Container
Container makes visible the “invisible” bodies enabling consumer society. Within spitting distance of Clifton beach, a playground for privileged South Africans, lies the remains of the San Jose paquette de Africa, a Portuguese slave ship that sank in 1794, with 212 shackled slaves onboard. A few kilometers away, thousands of shipping containers, their contents invisible and rarely discussed, enter and leave Cape Town’s busy port. Container explores the hidden world of goods crisscrossing the globe in anonymous containers to highlight the lives of the millions of invisible people shackled in modern day slavery.
Simon Wood is an Emmy nominated filmmaker based in Cape Town, South Africa. Wood’s films have screened at the worlds largest film festivals and won numerous awards in Africa, Asia, Europe and North America.

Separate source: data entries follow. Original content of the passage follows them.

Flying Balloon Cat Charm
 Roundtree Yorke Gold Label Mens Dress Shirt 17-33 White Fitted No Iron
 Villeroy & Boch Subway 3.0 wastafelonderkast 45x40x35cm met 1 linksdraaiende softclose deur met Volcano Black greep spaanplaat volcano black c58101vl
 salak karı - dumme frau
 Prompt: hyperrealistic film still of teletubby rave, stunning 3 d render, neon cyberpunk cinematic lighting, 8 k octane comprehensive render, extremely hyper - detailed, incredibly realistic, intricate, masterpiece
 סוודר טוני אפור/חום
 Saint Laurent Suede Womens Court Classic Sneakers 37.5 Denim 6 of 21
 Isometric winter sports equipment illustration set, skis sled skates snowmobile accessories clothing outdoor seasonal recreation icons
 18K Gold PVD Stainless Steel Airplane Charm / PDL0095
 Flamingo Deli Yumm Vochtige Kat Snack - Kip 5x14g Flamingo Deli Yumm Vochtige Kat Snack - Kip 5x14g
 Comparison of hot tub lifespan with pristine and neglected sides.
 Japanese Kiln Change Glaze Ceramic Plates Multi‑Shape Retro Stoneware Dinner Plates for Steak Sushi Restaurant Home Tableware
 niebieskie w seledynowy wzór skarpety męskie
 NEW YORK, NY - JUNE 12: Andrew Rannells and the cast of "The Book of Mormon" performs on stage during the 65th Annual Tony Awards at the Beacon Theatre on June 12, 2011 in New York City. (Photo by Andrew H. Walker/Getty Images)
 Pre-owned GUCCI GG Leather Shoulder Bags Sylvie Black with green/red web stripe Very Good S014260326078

Meghna Singh is a doctoral candidate at the University of Cape Town and a research associate at the African Centre for Migration and Society at WITS University Johannesburg. Hailing from New Delhi, India, she is currently pursuing visual art practice and a research project on the theme of oceanic migrations in South Africa. Working with mediums of video and installation, blurring boundaries between documentary and fiction, she creates immersive environments highlighting issues of ‘humanism’ through the tool of the imaginary. Her current focus is on the theme of critical mobilities, migration and the invisible class of mobile population that move around the world as a consequence of the capitalist globalized world we inhabit. Working with the visual as a methodology to conduct and present research, she received a project grant from Jo Vearey as a part of the Migration and Health Project funding through the Wellcome Trust, U.K.